- The near-surface region of a coastal sediment bed is complex and dynamic. At some sites, near-surface sediment deposits are susceptible to extreme events, such as tsunamis or other large overflows, which induce high shear stresses on the sediment bed. The specific properties of sediment beds subjected to such extreme loading govern the response. Current sediment instability and transport models employ index characteristics of the sediment bed to predict the response; however, additional geotechnical factors could be considered in the models. The work herein aims to connect geotechnical and coastal engineering communities by characterizing near-surface beach sediments with geotechnical methods to inform more inclusive sediment instability and transport models as they continue to develop.
A sediment bed investigation is performed in South Beach, Newport, Oregon, which is susceptible to a sizable tsunami following the impending Cascadia Subduction Zone earthquake. A laboratory program is completed to determine the index properties and near-surface response trends of the sediment sampled from South Beach and to populate a database. More specifically, sieve analyses, particle shape analyses, specific gravity testing, minimum and maximum packing density testing, triaxial testing, simple shear testing, angle of repose testing, and inclined plane testing are performed and the methodology and results are discussed.

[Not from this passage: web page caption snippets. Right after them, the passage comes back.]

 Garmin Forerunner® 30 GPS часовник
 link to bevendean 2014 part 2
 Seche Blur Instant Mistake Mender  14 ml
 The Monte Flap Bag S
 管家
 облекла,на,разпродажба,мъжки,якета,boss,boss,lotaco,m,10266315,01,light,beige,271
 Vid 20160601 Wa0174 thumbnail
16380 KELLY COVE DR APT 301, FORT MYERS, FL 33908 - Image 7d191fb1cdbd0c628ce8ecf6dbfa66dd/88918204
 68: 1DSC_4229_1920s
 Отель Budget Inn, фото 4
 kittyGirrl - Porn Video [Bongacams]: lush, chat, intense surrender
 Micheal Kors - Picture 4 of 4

Low confinement strength testing is performed using a simple shear device, which is thought to roughly mimic the type of shearing caused by tsunami-induced bed-shear stresses. Angle of repose and inclined plane testing are also performed to observe the response of the exposed sediment at the surface. In addition, existing correlations are evaluated for South Beach sediment that relate index properties to the response (e.g., using particle roundness to estimate the critical state friction angle) to observe the accuracy of the correlations for the fine sand. The results show similar trends found by other researchers using various testing techniques; however, the simple shear device shows some weaknesses when performing low confinement tests.

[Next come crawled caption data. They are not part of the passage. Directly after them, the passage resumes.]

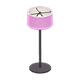 Black x Pink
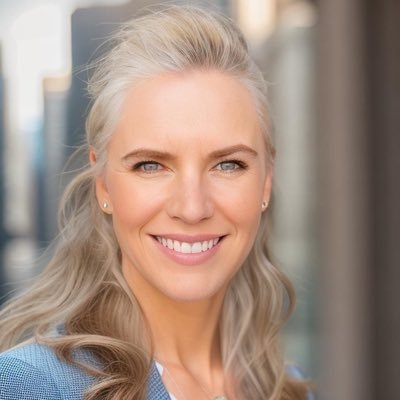 Awareness alchemist & reality auditor. Simple tools to cultivate inner calm, develop unshakable resilience & reshaping perspective for personal empowerment!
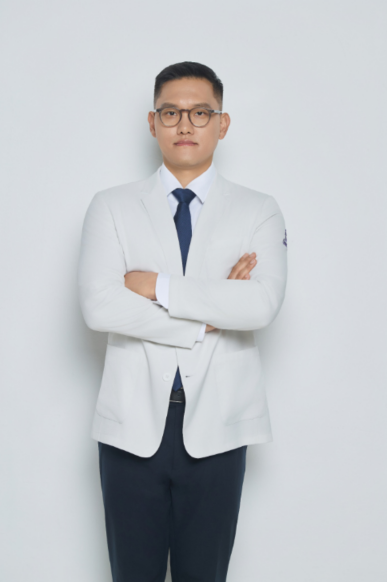 사진=다이트한의원 대전점 전성현 대표원장
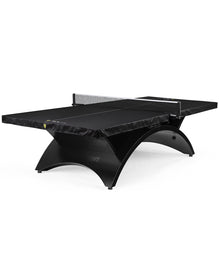 SVR Cape Table Cover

A specific interest of the current study is understanding how the friction angle changes with decreasing confinement (i.e., as the in situ location of the deposit approaches the surface of the sediment bed) for the South Beach sand investigated. The friction angle is an important property that governs the response of sediment to various types of loading, including sediment exposed to bed-shear stresses.

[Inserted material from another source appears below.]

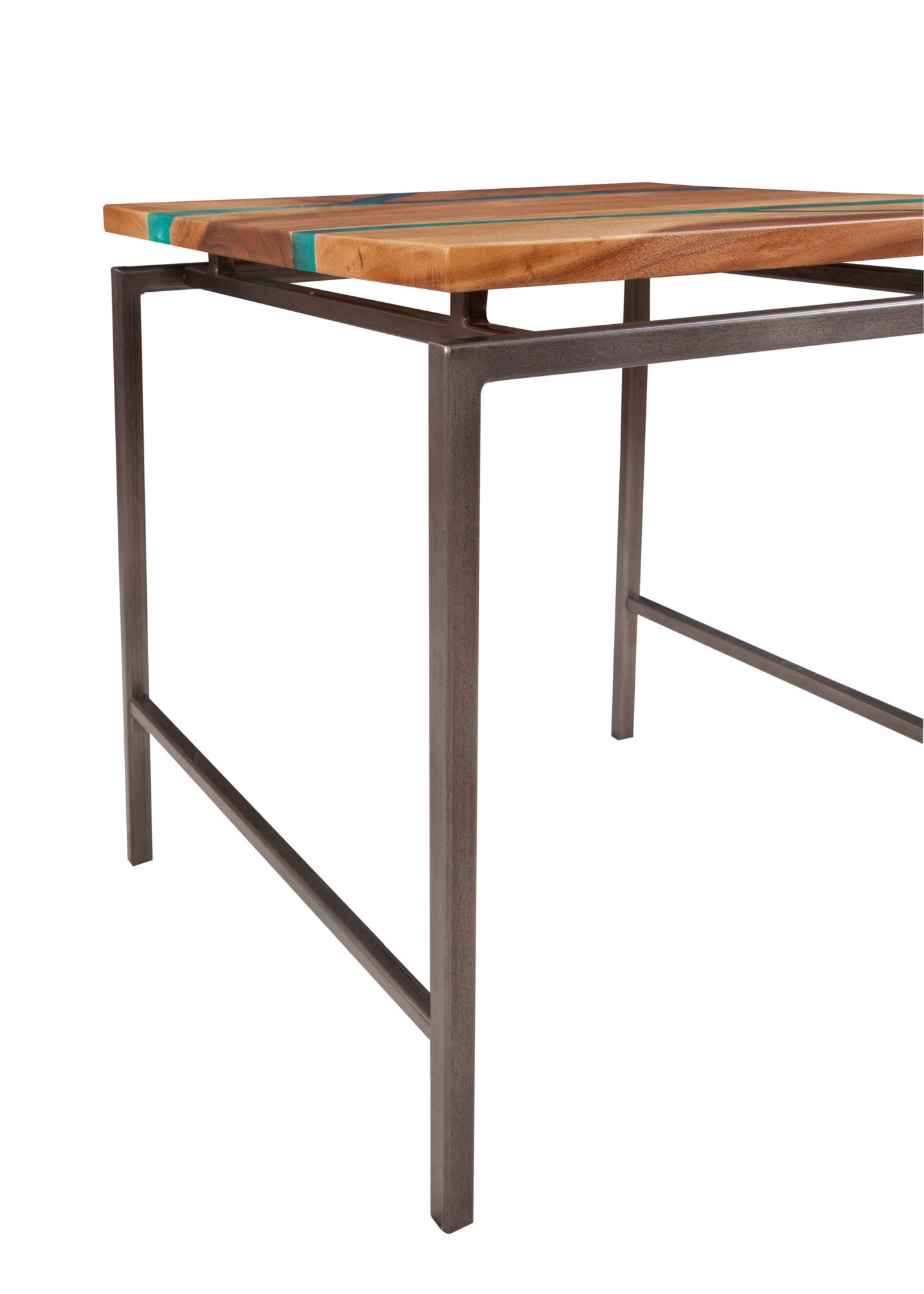 Tamra End Table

The results show that the investigated cross section of South Beach appears to be a generally stable and homogeneous environment; therefore, the sediment properties and response trends defined herein are expected to be applicable to the specific location for the foreseeable future, notwithstanding significant morphological changes from impending natural disasters or human-induced changes. The results also show that established correlations that utilize particle shape to estimate limiting packing densities and friction angle are generally applicable for the South Beach sediment. Although there are challenges with performing low confinement simple shear testing, the friction angle near the surface of the respective sediment bed is found to increase following the comprehensive interpretation of the test results. In addition, the laboratory results show that at depths less than about 3 m below the surface of a simulated dry, medium density sediment bed, the critical state and peak friction angles increase, and may be well estimated by the angle of repose and pocket-friction angles at the surface.
The application of the sediment properties defined herein is focused towards sediment instability and transport models for the investigated location of South Beach; however, defining near-surface sediment properties and response trends is also important for many other engineering applications. Applications involving shallow soil response, including foundations, retaining structures, landslides, and lunar construction (where the ‘near-surface’ region would be a much larger zone due to the low stress environment of the moon), would be influenced by accounting for the effect of the altered loading response trends of soils near the surface. Considering the altered response trends (i.e., sediment strength properties) would improve the accuracy of analyses for the noted applications.
The results of the current study imply that considering near-surface sediment characteristics will lead to improved sediment instability and transport model predictions, as expected. The improved predictions will help researchers determine appropriate input parameters to model their application of interest and result in better infrastructure design when the response of the near-surface region to extreme overflow events is of concern. For similar granular soil studies, laboratory procedures are suggested following the evaluation of methods performed herein while developing the database of properties for South Beach sand.